There are number of other aspects and examples of this phenomenon it would be worth mentioning, in connection with Momentum.

For instance, when Fidel Castro died, Momentum put out a statement which read as a fairly uncritical paean to his regime. So we suddenly discovered that an organisation whose leaders think or pretend to think it would be wrong to have policy on broad areas of Labour Party policy, has a policy on the Cuban government! A policy decided purely by the Momentum office naturally. This was before the 10 January coup, but there was as usual no attempt to consult the elected NC or even the Steering Committee.

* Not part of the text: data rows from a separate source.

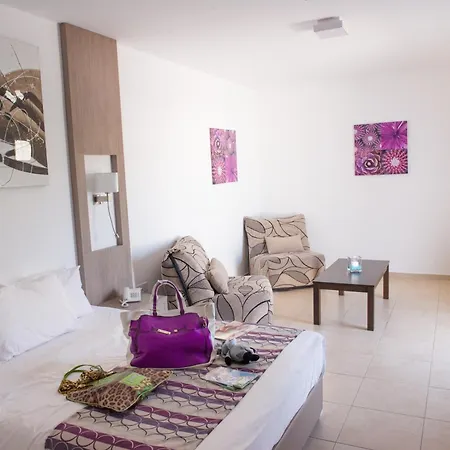 New Famagusta & Hotell 3*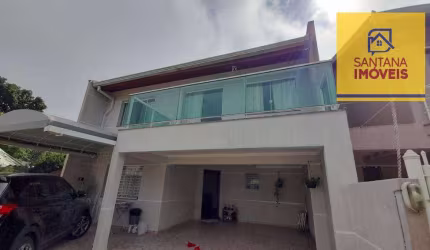 Sobrado com 4 dormitórios à venda, 92 m² por R$ 650.000,00 - Centro - Campo Largo/PR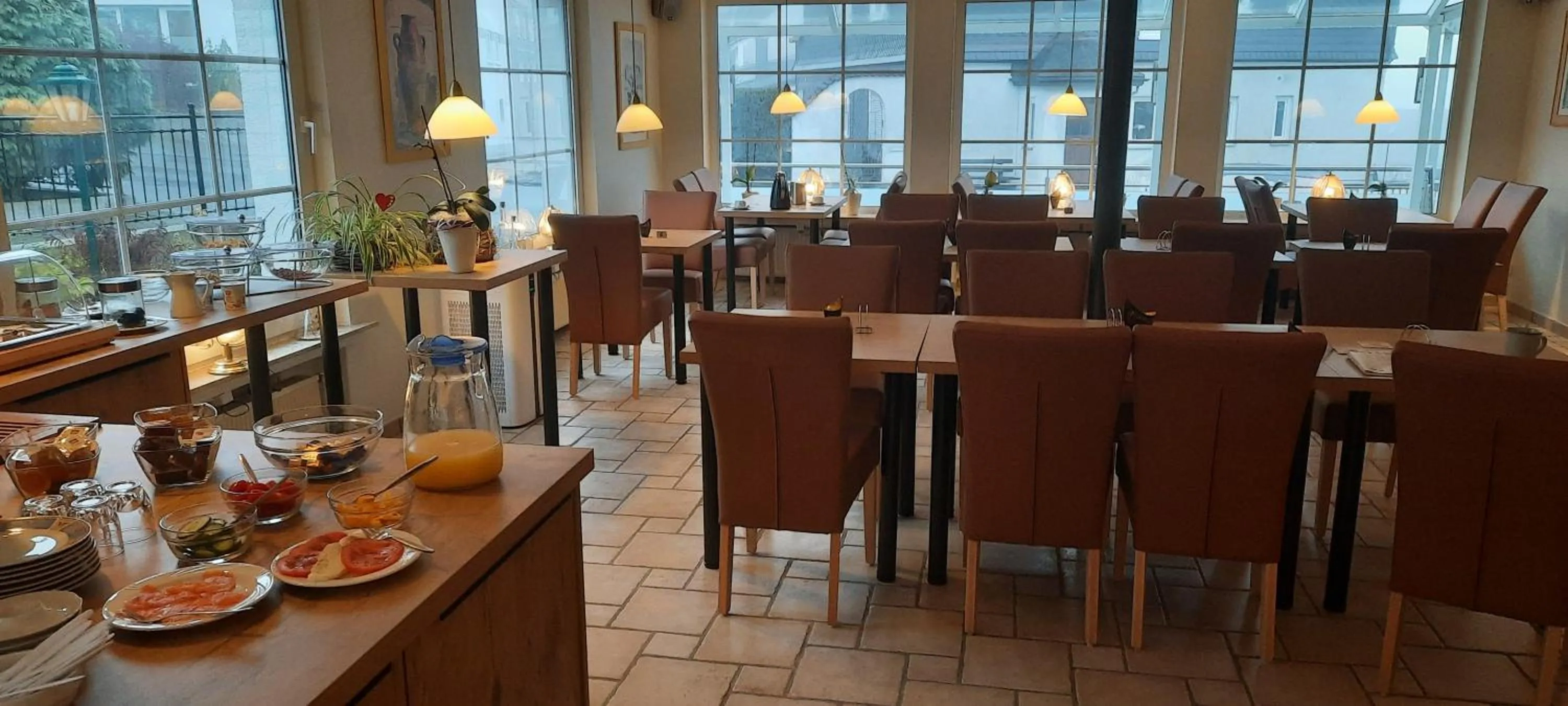 Restaurant/places to eat in Hotel zum Kreuzberg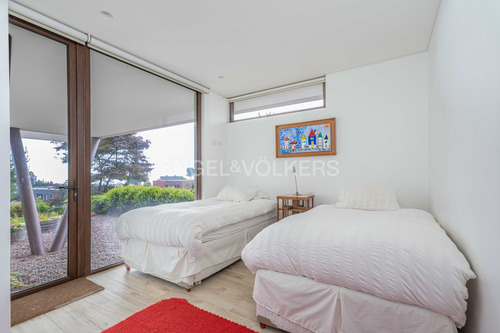 Moderna Casa En Condominio Cantagua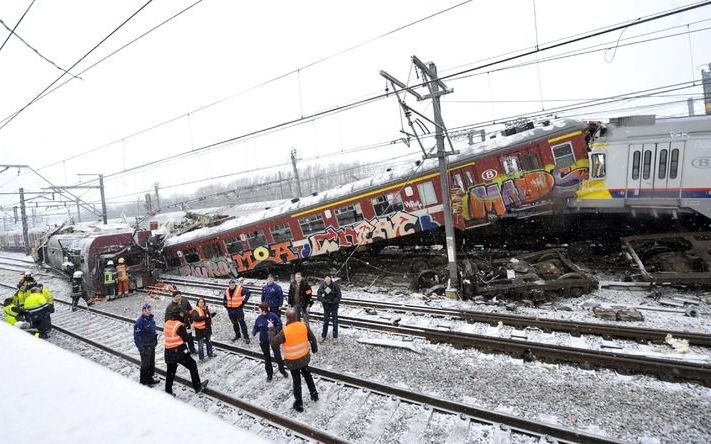 BRUSSEL – Het treinongeluk maandagochtend bij het Belgische Halle was geen frontale botsing. De twee treinen botsten zijdelings tegen elkaar op een wissel. Foto EPA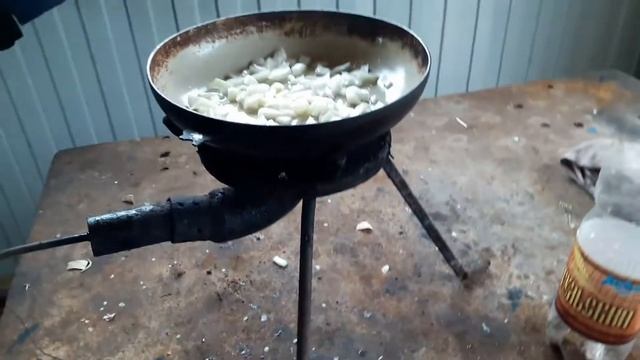 ЛОВИМ И ЖАРИМ МАЛЬКА С ЛУКОМ. КЛЮНУЛ КРУПНЫЙ ОКУНЬ ПОД ВЕЧЕР. смотреть онлайн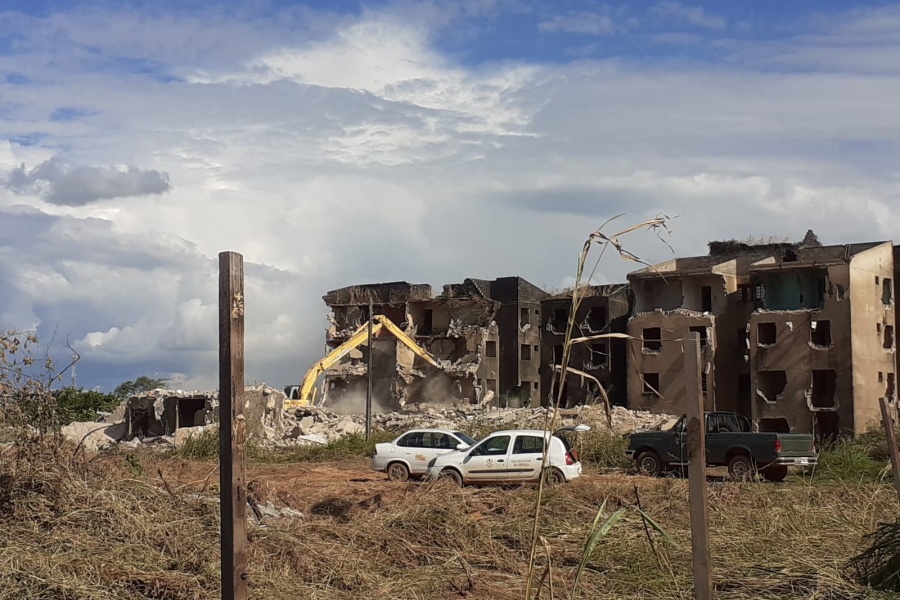NO CHÃO: Conjuntos habitacionais inacabados são demolidos 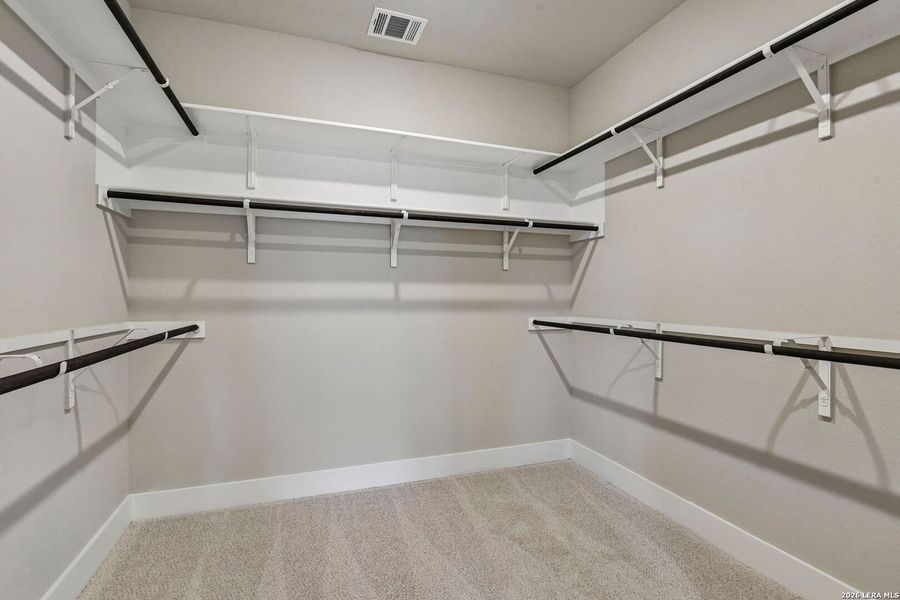 Spacious, unfurnished interior of a new home in Fox Falls, Boerne (Image 29). Spacious, unfurnished interior of a new home in Fox Falls, Boerne (Image 29).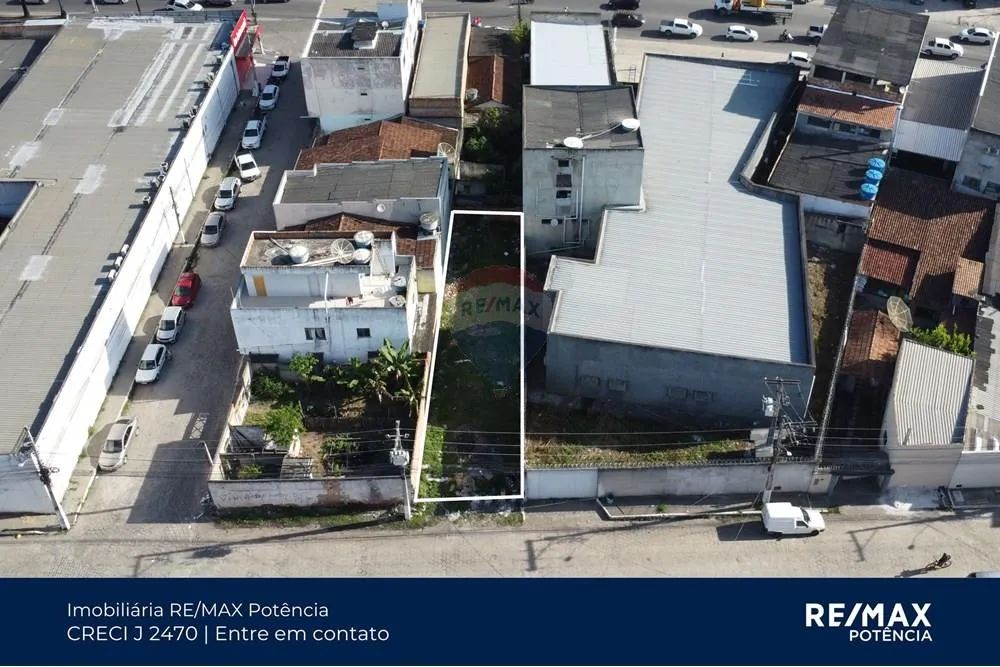Terreno de 220m² no Centro de Teixeira de Freitas - Foto 2
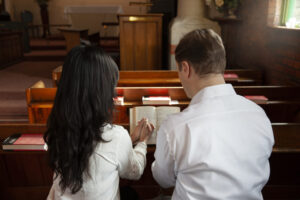 Quiénes pueden colaborar en la preparación al Matrimonio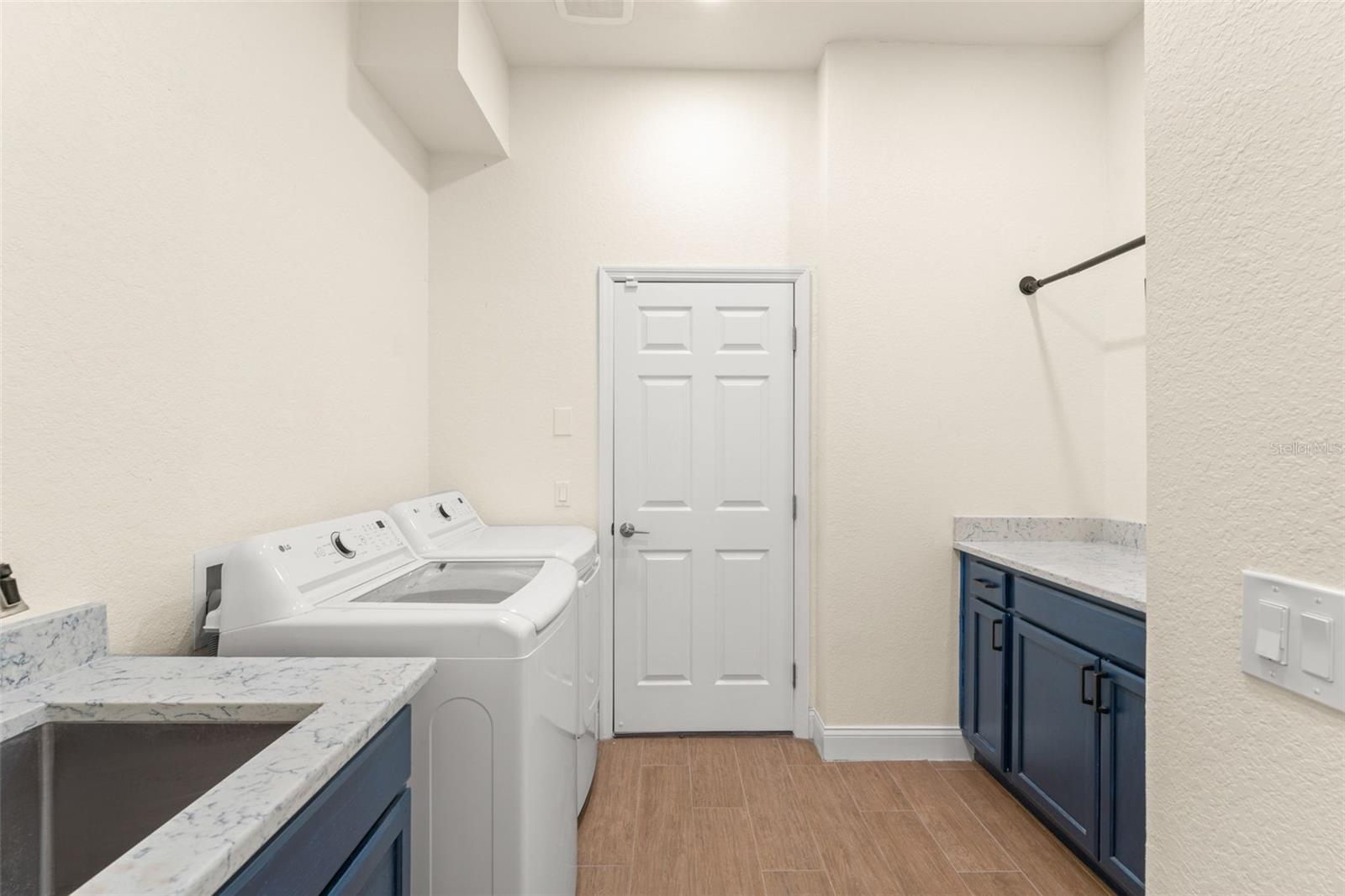 6410 BENDELOW DR, LAKELAND, FL, 33810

I challenged a few central Momentum office people about this, and the responses I got were very instructive. One in particular, which was: I'm not a big fan of Castro myself, but don't know you know this is what the movement thinks, and any way we can't say anything out of step with what Jeremy will be saying. And read the statement carefully, it has hints of a more critical view (sort of true, if you were looking for them very, very hard indeed).

So we see in action the ludicrousness, incoherence and hypocrisy of the idea that Momentum shouldn't or doesn't have policy; the unwillingness to - not even criticise Corbyn - but say anything distinct from him; the falling in with dominant labour movement left "common sense"; but also how in practice this leads to Stalinist or Stalinist-ish positions.

(I wondered if the people clustered around the Momentum office on some level, maybe not fully conscious, admire Cuba's undemocratic but supposedly "progressive" regime, but other comrades told me that was an argument too far...)

A student comrade reports how at recent NCAFC conference, a small group of "Lansmanite" youth turned up to move a motion arguing that the left should support withdrawal from the EU, that defending free movement from the EU countries somehow cuts against arguing for migrants' rights more generally, and that only after the EU has been broken up can a socialist Europe emerge. (They were heavily defeated.) In other words: a Stalinist or at least Stalinist-influenced position.

Meanwhile, although out and out Stalinists are relatively small minority among young supporters of the Momentum "leadership", they are treated with friendly acceptance by the majority, and their repulsive references to Stalinist witch-hunting and slaughter of Trotskyists in the 1930s - "Correct position", "Vigilance", "Clear them out" and so on - have become common usage in these circles. I suspect that as things develop many of young careerists are adopting elements of their politics, no doubt in softened form, too. Are we seeing a renewal of official labour movement Stalinism for a new generation?

All this is not without contradictions: for instance, many of those working or volunteering at the Momentum office are apparently unhappy about the Labour leadership's retreat on free movement and migrants' rights. We should not fall into scatter-gun or indiscriminate use of terms like Stalinist. But to deny the influence of Stalinism in Momentum is to ignore the facts, and we need to challenge the better people around the leadership about this.

Sacha Ismail

Submitted by AWL on Sun, 12/03/2017 - 09:56

I forgot to mention the embarrassing video Momentum put out where it blamed rail passengers in European countries for the awful state of Britain's railways!